» **TASK PROMPT**: Without adding anything, give again the lines from the one holding "to 26200.7623. If" through the final line of the records, exactly, with both ends included and pictures dropped.

══ THE DATA ══

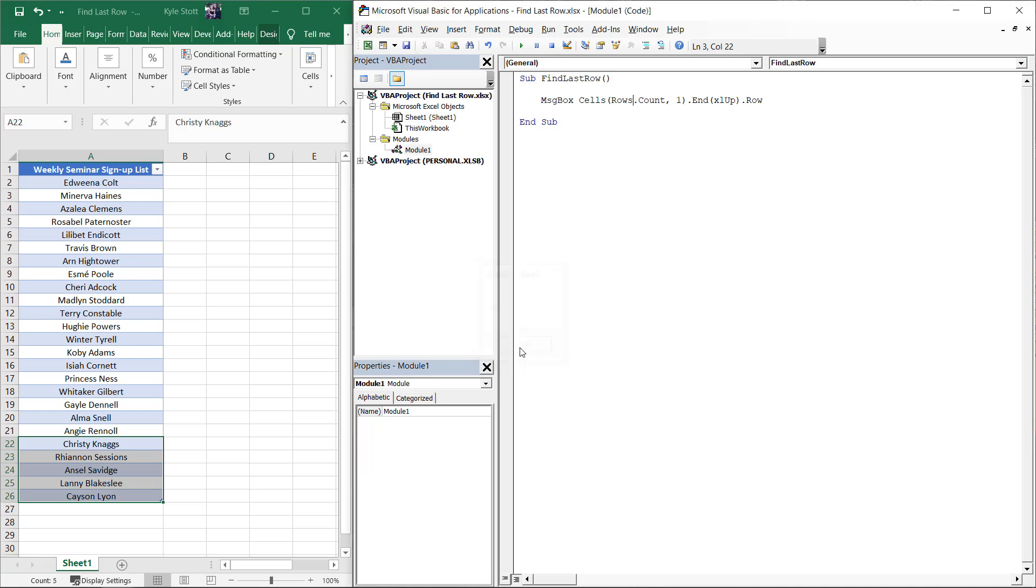When it comes to managing, handling, and manipulating dynamic datasets, this line of code will save you headaches and a ton of time.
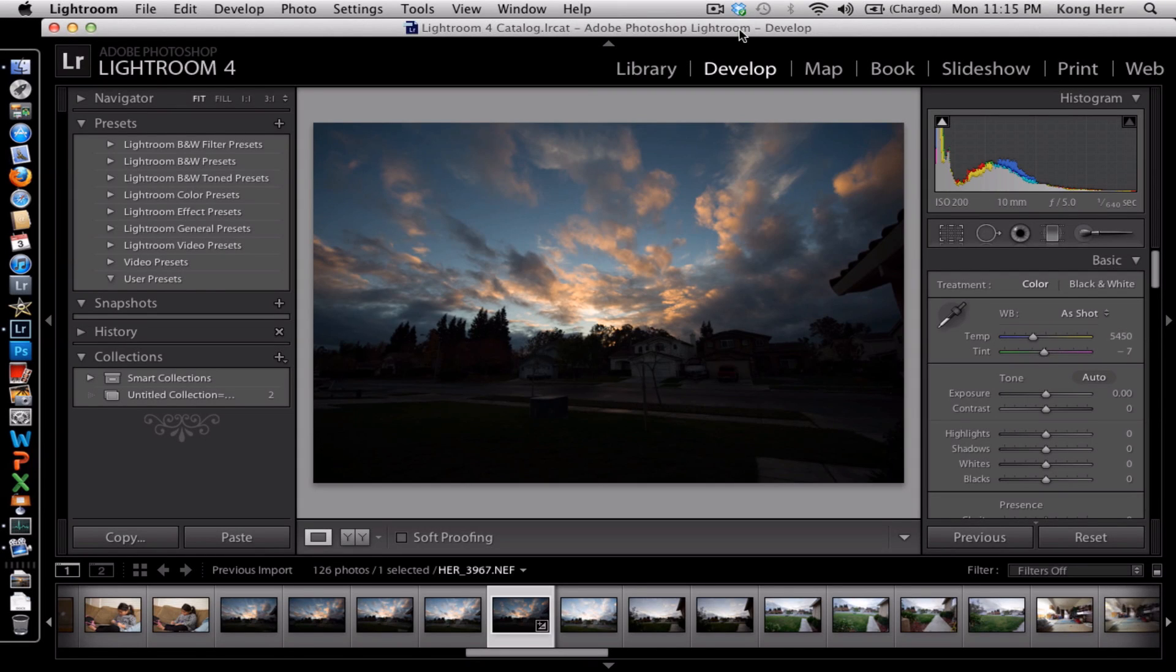Hi everyone. This is a short how-to tutorial on shadow lifting. This picture I shot about a couple days ago when it was raining in California here.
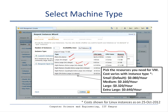For example, a micro instance has up to two elastic compute units with one core CPU and 613 MB of RAM. An extra large instance may have 8 ECUs, 4 cores, and 15 GB of RAM. The cost varies from micro to high CPU, and keeps increasing as you request more resources.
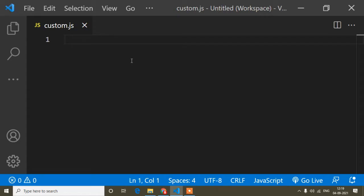Hello guys, welcome to this video. In this JavaScript tutorial I will show you how to make a key-value pair from two arrays. First I will show you the example of what I am trying to do, and then it will be more clear.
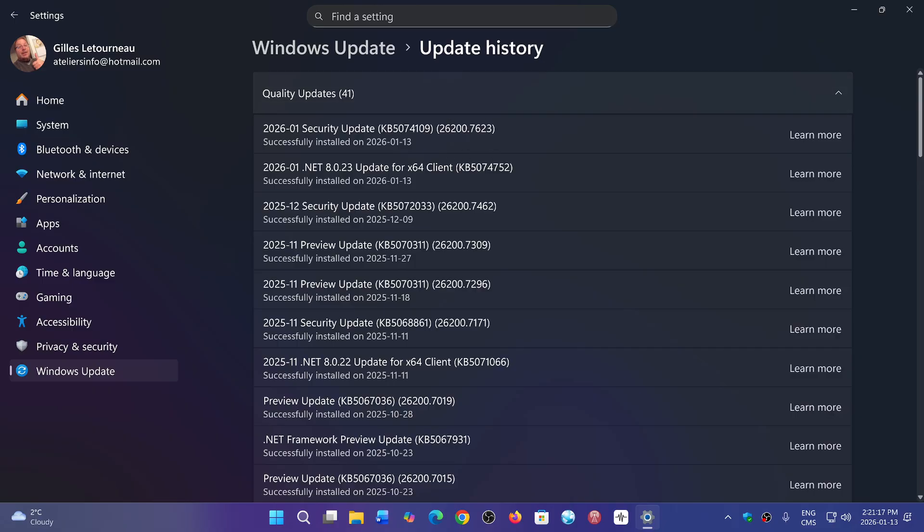to 26200.7623. If you're on 24H2, the ending of your build may be slightly different. There could be a slight difference between 25H2 and 24H2, but you should generally be at 7623.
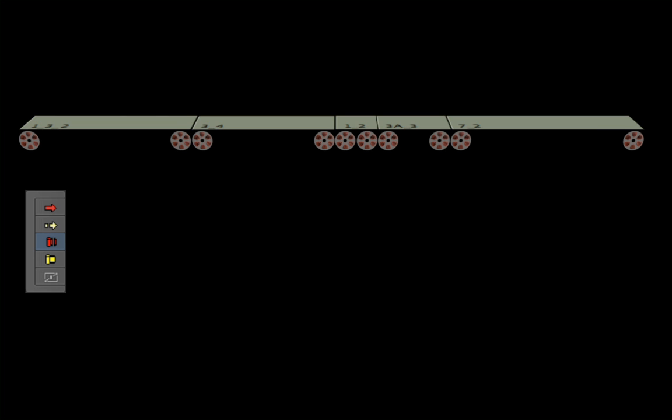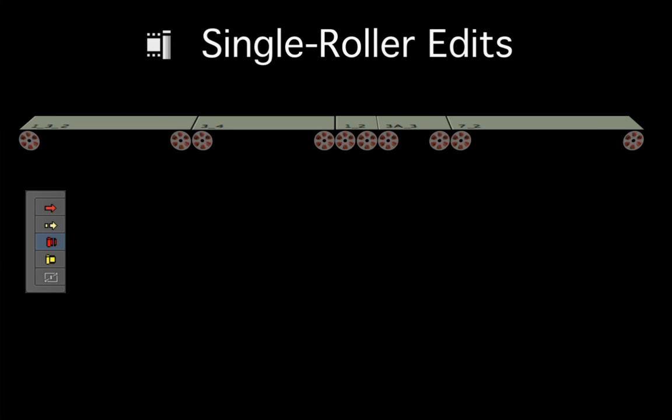For example, when you want to adjust a single edit point, Avid calls this a single roller trim, roller being the term for the reel the handle is rolled up on.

═══

» **TASK SOLUTION**:
to 26200.7623. If you're on 24H2, the ending of your build may be slightly different. There could be a slight difference between 25H2 and 24H2, but you should generally be at 7623.
For example, when you want to adjust a single edit point, Avid calls this a single roller trim, roller being the term for the reel the handle is rolled up on.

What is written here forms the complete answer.